La Cour d’Appel de Grenoble dans un arrêt infirmatif a rejeté la demande d’indemnité d’occupation présentée par le bailleur sur le fondement de l’article 1382 devenu 1240 du Code Civil.
Il s’agit de la responsabilité extra contractuelle.
Il y a sans doute peut-être une faute à conserver postérieurement aux relations contractuelles, les clés du local de son ancien bailleur.
Pour rejeter la demande en paiement d’une indemnité d’occupation, la Cour d’Appel de Grenoble avait considéré que si le locataire n’avait restitué les clés que le 31 décembre 2015, le bailleur ne pouvait sérieusement soutenir qu’il n’avait pas pu reprendre possession des locaux en raison du comportement du locataire qui aurait conservé les clés qui n’avaient pas été réclamées.
Ainsi, la Cour d’Appel de Grenoble a considéré que le locataire n’avait pas été fautif dans son comportement.
La Cour d’Appel de Grenoble a considéré que le bailleur était dans une situation de pouvoir récupérer les clés de son local, qu’il n’a pris aucune initiative et n’a pas réclamé les clés à son locataire. Dès lors, aucune faute ne peut être imputée au locataire qui ne peut être condamné à une indemnité d’occupation.

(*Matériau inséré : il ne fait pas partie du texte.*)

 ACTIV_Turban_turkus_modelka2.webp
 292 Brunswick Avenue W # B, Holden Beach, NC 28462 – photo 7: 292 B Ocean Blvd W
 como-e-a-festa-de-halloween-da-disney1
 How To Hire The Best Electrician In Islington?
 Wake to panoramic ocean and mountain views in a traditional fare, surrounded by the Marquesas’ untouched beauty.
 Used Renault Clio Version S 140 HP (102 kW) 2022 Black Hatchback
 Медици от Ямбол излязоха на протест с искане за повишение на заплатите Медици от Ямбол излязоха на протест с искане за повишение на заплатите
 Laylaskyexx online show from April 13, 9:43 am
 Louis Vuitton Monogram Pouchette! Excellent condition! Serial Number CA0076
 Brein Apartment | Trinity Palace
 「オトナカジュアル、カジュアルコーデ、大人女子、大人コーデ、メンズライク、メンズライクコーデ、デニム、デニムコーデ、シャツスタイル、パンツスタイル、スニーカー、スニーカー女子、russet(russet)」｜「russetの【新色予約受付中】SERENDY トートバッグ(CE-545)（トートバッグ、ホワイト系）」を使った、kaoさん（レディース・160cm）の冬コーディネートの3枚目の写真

La Cour de Cassation censure cette approche.
Elle considère que dès lors que la Cour a constaté que les clés n’avaient pas été remises au propriétaire ou que celui-ci avait refusé de les recevoir, elle ne pouvait exonérer le locataire de sa faute.
Ainsi, la Cour de Cassation opère un renversement de la charge de la preuve par rapport à la Cour d’Appel.
C’est au locataire qui prétend ne plus être locataire de prendre ses dispositions pour rendre les clés.
Si le bailleur refuse de les recevoir alors le locataire pourra s’exonérer de toutes fautes et être exonéré du paiement de toutes indemnités d’éviction.
Cet arrêt de la Cour de Cassation est intéressant car il permet d’avoir une idée précise de la charge de la preuve et de bien conseiller en cas de difficulté à la fin des relations contractuelles, au locataire de prendre l’initiative de restituer les clés sans attendre une quelconque demande en provenance de son bailleur ou de son ex bailleur.